Macon County schools superintendent Dr. Dan Brigman agrees. “We are seeing another outstanding cohort of students depart our public school system for colleges careers, military and workforce opportunities,” Brigman said. “We wish each of them the best as they open a new chapter in their lives and are proud of their tremendous accomplishments as the Class of 2011.”
Besides that mountain air, Brigman says that the success of the school system — and of the seniors graduating this year — has a lot to do with the support and guidance of parents, guardians and other mentors in the community. It is because of the encouragement, faith and optimism of these people in the community that this year’s seniors can look into the future, see the promise that it holds and, without fear, yell out the challenge, “Yes!”
Franklin High School
The Class of 2011 at Franklin distinguished itself in many ways, including academics, sports and community service. Even Principal Chris Baldwin was wowed, himself a freshman at the school, after taking over from Gary Shields who retired last year.
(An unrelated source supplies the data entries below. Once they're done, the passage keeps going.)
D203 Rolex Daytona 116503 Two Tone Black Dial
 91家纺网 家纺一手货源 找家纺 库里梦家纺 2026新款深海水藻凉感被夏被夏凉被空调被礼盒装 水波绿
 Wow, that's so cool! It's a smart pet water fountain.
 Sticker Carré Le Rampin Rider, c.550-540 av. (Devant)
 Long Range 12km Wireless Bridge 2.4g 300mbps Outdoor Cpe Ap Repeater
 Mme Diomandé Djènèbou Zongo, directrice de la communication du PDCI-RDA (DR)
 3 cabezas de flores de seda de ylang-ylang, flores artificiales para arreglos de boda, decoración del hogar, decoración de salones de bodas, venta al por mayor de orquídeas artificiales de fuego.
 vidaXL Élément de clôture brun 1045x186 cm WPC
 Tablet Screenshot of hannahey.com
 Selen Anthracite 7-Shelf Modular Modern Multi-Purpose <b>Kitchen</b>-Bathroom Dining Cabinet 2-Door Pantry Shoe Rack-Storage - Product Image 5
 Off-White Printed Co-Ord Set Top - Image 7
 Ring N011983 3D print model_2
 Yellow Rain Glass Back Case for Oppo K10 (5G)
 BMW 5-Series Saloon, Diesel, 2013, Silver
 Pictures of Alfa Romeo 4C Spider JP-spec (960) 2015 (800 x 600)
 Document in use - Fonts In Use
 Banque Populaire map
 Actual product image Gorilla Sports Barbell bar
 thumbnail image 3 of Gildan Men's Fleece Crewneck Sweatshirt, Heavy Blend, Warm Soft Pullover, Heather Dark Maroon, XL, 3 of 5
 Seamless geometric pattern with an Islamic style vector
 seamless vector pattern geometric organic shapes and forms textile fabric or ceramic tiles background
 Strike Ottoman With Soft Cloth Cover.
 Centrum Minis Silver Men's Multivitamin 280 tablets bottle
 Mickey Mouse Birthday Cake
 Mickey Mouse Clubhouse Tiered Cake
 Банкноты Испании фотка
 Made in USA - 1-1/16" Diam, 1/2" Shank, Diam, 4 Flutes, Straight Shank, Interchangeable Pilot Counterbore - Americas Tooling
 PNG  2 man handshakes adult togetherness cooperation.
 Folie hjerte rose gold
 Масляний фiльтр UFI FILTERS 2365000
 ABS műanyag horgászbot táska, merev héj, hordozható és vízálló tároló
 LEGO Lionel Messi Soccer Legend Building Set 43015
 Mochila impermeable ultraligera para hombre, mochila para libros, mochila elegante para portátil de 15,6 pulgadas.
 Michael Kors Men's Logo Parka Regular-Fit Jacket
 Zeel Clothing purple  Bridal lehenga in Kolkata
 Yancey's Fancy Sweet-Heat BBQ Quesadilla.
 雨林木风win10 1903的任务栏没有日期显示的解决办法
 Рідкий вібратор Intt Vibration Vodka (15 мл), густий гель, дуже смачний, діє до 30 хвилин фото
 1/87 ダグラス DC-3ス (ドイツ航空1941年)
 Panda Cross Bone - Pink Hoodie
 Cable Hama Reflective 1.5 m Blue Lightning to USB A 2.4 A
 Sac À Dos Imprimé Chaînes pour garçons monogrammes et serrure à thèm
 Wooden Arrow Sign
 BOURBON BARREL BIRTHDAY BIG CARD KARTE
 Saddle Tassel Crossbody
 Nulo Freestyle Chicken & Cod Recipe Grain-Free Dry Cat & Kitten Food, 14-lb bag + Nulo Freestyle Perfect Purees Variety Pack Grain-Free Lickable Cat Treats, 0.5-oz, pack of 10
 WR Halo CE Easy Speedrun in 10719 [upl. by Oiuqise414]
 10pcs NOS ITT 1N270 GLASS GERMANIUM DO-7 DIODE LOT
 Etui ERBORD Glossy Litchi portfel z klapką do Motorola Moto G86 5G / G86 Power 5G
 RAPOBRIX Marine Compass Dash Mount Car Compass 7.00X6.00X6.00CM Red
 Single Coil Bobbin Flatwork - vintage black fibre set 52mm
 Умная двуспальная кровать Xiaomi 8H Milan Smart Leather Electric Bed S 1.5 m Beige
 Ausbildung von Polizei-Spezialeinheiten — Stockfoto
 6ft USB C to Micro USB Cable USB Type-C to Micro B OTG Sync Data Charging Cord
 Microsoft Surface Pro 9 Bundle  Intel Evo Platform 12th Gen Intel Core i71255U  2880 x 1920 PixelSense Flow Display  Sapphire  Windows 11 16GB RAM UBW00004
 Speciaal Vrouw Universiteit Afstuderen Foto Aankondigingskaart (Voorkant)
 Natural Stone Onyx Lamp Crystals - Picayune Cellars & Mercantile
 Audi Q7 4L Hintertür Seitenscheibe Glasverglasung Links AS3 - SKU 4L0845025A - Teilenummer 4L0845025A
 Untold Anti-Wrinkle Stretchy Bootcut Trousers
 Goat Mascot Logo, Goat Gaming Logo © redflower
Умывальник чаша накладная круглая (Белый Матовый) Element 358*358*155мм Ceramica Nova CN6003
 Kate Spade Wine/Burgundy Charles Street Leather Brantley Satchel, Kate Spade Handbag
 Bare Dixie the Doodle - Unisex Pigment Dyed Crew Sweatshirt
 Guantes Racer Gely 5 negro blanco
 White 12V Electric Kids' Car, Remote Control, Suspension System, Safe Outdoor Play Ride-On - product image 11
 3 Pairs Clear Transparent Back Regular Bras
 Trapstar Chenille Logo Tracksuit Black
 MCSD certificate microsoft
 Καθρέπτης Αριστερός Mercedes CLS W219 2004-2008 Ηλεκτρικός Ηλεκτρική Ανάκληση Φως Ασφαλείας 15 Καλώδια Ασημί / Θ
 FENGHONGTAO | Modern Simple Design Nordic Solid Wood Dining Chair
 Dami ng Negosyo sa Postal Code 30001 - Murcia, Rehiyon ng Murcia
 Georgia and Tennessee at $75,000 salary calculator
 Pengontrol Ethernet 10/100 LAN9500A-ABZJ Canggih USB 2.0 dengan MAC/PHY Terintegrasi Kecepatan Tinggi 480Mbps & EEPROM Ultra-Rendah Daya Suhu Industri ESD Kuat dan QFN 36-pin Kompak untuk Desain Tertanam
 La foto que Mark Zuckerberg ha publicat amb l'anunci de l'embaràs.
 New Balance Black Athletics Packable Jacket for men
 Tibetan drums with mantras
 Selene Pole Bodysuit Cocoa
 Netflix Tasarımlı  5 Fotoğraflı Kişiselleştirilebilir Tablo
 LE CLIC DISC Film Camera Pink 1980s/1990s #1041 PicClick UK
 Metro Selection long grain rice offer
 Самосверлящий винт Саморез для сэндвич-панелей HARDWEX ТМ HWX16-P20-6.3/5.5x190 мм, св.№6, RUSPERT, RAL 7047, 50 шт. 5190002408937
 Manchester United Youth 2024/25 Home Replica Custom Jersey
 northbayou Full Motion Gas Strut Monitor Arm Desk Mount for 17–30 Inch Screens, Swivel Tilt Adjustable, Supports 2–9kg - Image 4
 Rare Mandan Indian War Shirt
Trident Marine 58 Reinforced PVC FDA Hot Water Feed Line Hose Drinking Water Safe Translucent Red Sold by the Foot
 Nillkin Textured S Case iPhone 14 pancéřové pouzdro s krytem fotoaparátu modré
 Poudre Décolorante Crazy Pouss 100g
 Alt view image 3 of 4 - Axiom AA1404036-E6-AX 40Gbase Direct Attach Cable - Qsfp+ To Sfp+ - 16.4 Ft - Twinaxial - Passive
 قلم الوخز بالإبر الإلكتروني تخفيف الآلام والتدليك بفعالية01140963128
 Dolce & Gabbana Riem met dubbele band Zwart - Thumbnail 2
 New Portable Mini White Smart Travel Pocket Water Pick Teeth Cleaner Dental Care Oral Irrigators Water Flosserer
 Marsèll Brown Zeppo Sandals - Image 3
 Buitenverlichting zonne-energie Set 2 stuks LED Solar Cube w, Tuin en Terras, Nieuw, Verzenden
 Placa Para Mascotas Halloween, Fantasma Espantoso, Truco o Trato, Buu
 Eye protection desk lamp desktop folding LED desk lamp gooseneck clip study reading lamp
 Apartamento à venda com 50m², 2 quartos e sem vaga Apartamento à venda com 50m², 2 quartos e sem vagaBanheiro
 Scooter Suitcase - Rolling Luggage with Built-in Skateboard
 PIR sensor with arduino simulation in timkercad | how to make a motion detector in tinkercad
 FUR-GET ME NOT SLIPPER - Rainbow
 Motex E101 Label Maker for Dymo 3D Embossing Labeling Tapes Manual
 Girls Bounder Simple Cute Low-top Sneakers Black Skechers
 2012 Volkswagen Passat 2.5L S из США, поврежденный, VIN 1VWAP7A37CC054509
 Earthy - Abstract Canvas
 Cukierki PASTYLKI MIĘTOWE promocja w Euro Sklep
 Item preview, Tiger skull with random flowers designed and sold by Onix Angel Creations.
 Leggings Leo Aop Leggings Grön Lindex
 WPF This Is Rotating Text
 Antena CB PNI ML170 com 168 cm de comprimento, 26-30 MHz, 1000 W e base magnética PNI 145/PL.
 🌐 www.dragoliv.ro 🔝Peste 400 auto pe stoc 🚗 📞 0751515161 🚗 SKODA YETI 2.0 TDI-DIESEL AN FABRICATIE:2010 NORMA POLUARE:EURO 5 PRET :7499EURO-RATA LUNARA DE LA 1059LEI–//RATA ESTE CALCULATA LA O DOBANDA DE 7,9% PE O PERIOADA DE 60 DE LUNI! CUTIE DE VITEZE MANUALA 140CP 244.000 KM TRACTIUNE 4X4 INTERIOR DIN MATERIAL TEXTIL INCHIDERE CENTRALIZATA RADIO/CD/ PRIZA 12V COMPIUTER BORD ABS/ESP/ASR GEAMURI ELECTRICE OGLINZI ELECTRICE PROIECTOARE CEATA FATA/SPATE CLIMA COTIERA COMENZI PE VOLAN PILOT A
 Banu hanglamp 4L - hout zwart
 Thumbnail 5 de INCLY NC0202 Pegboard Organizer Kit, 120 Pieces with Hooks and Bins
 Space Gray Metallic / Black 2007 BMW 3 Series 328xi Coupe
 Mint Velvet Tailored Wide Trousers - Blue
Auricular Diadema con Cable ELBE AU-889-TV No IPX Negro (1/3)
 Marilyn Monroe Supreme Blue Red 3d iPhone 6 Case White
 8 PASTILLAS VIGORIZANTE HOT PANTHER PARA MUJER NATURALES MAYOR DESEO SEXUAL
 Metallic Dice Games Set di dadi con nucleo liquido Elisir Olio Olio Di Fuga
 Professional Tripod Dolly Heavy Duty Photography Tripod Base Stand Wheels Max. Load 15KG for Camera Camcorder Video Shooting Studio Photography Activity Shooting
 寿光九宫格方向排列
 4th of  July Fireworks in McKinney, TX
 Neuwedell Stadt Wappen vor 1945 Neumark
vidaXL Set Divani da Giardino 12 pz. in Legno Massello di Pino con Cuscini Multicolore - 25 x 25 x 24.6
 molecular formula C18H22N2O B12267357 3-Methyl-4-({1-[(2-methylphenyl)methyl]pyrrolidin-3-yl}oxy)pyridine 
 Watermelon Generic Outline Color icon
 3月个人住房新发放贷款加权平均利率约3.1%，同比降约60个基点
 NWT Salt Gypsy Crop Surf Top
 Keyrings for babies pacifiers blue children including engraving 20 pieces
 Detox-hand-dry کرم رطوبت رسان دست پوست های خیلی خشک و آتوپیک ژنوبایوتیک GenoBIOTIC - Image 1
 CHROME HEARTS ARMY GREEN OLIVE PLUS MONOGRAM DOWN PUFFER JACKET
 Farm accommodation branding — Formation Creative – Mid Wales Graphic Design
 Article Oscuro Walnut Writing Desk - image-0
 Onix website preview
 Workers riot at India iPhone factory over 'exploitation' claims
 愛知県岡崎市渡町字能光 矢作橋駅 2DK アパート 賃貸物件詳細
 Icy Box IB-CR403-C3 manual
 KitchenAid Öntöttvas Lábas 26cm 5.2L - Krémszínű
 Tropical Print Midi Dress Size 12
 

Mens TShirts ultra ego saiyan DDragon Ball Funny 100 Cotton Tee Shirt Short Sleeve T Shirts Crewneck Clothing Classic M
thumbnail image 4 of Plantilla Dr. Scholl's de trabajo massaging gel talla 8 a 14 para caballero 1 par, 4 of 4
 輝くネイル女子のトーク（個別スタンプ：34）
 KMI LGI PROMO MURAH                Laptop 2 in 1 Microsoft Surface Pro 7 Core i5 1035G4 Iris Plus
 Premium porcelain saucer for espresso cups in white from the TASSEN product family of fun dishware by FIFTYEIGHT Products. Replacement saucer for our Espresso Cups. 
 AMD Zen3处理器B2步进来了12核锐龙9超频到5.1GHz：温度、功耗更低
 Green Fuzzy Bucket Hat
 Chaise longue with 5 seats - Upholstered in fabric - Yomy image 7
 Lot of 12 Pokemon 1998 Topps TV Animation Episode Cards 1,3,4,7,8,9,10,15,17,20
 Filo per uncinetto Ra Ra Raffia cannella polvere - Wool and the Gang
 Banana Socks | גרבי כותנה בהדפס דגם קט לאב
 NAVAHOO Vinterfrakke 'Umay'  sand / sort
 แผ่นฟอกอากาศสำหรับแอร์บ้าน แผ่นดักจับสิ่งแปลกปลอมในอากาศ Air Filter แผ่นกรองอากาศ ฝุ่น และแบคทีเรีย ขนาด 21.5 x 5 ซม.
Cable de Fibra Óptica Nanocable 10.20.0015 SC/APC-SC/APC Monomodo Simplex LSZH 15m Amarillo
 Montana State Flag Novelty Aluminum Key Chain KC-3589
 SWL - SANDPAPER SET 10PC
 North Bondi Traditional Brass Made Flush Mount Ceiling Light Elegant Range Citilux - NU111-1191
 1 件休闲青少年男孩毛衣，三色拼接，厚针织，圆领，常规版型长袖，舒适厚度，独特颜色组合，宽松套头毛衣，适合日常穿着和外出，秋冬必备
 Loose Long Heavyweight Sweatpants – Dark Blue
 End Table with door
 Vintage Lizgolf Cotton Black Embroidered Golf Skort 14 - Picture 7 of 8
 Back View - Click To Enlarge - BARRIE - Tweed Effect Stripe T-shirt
“I have been truly impressed by the Class of 2011 during my first year as principal of Franklin High School,” Baldwin said of the class so great, it’s number one twice.
The standouts among this year’s 241 seniors are simply too numerous to list. School guidance counselor, Kathy Breedlove, called the class “among the academically strongest” in the school’s history, and at the FHS scholarship night, college-bound seniors tallied more than a million dollars in scholarships.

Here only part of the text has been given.